こんなことを書くと、精神的に参ってるひとみたいですが、そんなことはありません。

体調は崩してましたが、気持ちはいきいきしてます。


ちょうど、私がコントローラーをしていた工期の仕事が5~18日までだったんですが、きっちり5~18日まで激しい咳に見舞われ、気管が塞がるのか横になって寝れない日々を過ごしていました…。
縦になって寝るのって滑稽。
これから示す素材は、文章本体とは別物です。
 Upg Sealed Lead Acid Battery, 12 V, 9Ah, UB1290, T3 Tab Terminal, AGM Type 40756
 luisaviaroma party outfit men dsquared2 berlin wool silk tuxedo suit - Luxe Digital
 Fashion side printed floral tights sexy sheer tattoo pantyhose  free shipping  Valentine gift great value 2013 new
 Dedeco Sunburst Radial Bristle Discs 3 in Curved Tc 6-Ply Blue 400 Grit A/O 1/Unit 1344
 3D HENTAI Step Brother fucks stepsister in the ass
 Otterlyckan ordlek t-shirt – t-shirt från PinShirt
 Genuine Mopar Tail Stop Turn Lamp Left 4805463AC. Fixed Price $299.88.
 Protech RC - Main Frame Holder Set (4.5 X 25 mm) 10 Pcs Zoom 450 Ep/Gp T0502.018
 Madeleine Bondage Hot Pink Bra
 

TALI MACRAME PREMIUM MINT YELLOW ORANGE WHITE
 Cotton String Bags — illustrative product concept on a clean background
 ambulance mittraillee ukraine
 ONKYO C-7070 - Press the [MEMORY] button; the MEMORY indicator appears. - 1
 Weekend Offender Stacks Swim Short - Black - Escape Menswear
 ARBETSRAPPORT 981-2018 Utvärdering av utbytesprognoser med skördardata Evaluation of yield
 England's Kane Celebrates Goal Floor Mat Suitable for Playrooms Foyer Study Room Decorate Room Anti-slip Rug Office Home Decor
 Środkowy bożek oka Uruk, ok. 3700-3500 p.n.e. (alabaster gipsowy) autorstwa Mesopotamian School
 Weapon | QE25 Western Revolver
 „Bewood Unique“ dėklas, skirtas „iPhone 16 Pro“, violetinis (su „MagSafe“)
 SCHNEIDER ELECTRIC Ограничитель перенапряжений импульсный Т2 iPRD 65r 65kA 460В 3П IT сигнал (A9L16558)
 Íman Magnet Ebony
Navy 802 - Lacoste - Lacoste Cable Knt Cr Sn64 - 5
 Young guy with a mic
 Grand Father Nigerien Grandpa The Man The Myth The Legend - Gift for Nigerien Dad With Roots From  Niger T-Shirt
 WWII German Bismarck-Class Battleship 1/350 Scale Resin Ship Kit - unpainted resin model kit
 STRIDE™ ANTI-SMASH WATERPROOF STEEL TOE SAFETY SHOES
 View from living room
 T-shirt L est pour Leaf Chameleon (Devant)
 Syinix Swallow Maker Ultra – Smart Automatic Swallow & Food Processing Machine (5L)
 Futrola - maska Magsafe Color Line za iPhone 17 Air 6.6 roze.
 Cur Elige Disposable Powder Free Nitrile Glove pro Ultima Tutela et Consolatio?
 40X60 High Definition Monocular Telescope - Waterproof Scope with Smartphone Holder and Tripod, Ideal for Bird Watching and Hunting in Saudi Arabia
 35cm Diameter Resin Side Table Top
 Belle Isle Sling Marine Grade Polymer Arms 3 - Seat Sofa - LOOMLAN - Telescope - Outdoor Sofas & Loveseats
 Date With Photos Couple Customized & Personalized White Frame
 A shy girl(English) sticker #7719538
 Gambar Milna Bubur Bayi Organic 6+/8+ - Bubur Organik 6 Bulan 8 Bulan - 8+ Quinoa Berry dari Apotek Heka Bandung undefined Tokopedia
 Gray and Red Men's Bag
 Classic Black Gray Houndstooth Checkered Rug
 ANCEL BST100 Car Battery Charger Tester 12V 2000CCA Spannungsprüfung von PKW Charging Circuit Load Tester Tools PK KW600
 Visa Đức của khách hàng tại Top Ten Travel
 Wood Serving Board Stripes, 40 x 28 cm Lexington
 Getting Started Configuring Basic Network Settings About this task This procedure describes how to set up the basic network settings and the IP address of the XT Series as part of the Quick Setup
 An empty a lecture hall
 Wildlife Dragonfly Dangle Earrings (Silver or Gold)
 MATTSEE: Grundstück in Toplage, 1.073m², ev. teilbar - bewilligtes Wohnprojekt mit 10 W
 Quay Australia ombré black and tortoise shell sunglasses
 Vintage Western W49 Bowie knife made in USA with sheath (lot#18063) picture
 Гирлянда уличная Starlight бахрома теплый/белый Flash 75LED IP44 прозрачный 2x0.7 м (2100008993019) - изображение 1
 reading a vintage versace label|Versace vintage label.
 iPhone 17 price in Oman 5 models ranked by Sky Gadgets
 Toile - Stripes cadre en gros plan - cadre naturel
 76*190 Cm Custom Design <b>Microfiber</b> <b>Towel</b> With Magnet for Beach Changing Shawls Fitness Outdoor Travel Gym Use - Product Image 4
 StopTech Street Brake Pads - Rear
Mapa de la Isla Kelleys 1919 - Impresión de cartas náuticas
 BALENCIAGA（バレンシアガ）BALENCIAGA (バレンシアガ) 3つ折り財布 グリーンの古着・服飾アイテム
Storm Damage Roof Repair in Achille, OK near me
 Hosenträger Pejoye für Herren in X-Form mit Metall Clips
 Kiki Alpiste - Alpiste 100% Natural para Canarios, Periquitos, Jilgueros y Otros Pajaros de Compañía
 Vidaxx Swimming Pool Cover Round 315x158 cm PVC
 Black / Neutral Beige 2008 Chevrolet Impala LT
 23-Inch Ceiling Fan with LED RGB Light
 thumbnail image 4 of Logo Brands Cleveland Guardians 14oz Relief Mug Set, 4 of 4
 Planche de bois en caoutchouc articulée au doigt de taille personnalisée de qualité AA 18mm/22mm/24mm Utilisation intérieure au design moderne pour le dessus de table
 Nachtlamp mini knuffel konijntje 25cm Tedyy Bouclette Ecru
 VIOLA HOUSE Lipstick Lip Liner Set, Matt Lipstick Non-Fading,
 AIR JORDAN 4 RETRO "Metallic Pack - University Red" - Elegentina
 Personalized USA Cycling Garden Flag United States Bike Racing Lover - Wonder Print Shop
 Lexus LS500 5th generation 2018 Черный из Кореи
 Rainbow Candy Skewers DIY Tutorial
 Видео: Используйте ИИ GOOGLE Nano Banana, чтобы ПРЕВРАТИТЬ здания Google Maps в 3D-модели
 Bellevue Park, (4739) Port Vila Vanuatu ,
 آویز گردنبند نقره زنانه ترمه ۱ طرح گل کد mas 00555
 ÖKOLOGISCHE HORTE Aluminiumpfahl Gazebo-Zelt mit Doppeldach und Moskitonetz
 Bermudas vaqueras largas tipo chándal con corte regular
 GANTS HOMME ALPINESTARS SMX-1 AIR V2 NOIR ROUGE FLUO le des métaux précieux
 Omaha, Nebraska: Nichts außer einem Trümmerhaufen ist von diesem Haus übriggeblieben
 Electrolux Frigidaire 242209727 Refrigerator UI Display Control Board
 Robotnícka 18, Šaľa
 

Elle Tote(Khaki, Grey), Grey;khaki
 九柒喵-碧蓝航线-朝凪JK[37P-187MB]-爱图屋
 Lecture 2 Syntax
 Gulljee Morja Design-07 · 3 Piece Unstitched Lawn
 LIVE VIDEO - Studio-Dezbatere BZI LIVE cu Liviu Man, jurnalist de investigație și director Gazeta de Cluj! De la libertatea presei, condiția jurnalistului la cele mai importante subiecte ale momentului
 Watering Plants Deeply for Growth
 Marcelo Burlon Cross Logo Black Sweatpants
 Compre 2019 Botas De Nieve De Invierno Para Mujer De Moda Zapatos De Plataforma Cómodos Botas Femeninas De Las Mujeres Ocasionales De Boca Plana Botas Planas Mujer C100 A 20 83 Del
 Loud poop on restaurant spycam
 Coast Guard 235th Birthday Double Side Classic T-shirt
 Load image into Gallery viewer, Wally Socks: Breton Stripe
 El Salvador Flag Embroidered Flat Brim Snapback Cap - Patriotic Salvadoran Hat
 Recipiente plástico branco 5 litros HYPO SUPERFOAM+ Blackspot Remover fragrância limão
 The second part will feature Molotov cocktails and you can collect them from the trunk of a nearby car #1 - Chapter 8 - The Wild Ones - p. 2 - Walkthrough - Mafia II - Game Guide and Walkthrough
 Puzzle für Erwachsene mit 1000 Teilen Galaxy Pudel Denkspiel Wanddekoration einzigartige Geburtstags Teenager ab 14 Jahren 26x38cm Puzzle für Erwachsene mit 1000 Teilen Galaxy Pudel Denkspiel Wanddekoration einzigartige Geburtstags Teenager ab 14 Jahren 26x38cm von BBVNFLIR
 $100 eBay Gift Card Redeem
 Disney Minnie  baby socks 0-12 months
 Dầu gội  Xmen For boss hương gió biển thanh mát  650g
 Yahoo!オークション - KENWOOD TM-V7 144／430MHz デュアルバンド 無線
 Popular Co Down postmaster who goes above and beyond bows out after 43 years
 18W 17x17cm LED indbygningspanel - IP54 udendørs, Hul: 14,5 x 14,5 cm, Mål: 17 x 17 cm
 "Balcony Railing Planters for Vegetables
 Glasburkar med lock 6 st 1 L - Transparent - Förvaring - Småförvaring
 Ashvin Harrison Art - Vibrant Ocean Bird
座った状態で寝てるんですよ、だって!(笑)



デスクでも喋るたびに咳込んでたら、隣の席で業務をしていた我が基地の一番若手のジュウちゃんに
「かわいそぅ……」
と言われる始末。

現場の上司がやってきて雑談で「どや?調子は」と聞かれたのでちょっと意気込んで「はい!先日よりだいぶマシになったんですよ!声も出るようになったし!」と言ったら、斜め向かいの席にいた今回の現場の統括責任者である後輩ミケから
「うそつけ!!!さっきから心配んなるくらい咳してたじゃないっスか!」
と関西人ばりのナイスタイミングで突っ込まれました……。

あ、ぜんぜん私の方見てなかったけど密かに心配してくれてたのね。ありがとう。
なんて思ったけど、声出すのに異常に労力使うから、思っただけで何も言わず。


通りかかる誰かが
「お~沢村、カゼ大丈夫かぁ?」
と私に声を掛ける度にすかさず
「このひとカゼじゃないんで。赤痢なんで。」
と私が瞬時に喋れないのをいいことに好き放題言ってたミケちんなんですけどね。


誰もいなくなった事務所にふたりきりになったとき、ふとタバコの話になりました。

私もミケも喫煙者なのに、なぜか急に「タバコ、止めたらどうですか?」と言い出すミケ。

「え?止めてるよ。いまは。咳で息することすら苦しいもん」
「いや、そうじゃなくて。これを機会に止めたらどーですか?ってはなし」
「止める気はない。治ったらまた吸う。」
「例えば、この1本吸ったら寿命はあと1ヶ月ですけど、ここで止めたら10年寿命が伸びますよ。って言われたら、止めるでしょ?」
「止めない。胡散臭い。好きなことして死ねるならそっちのほうがいい。別に長生きしたくないし」
「胡散臭いって、例え話ですよ、例え話!あり得ないですけど、もしたった1本で10年分寿命が伸びるなら誰だってそうするでしょ、って話」
「しないよ。だって私、別に生きていたくないもの」



……何で、こんな会話をしたんでしょうか。

何であのときミケは、あんな喩え話を出して、必死になったんでしょうね。
そして、頑固な私は、彼の望む答えが解っているのに、何で頑なに否定したんでしょうね。



ことばのあやでも、嘘はつきたくなかったの。
ごめんね。

死にたいわけではないけれど、無理して延命したいほどに、生きたい理由が見付からないのは本当なんだよ。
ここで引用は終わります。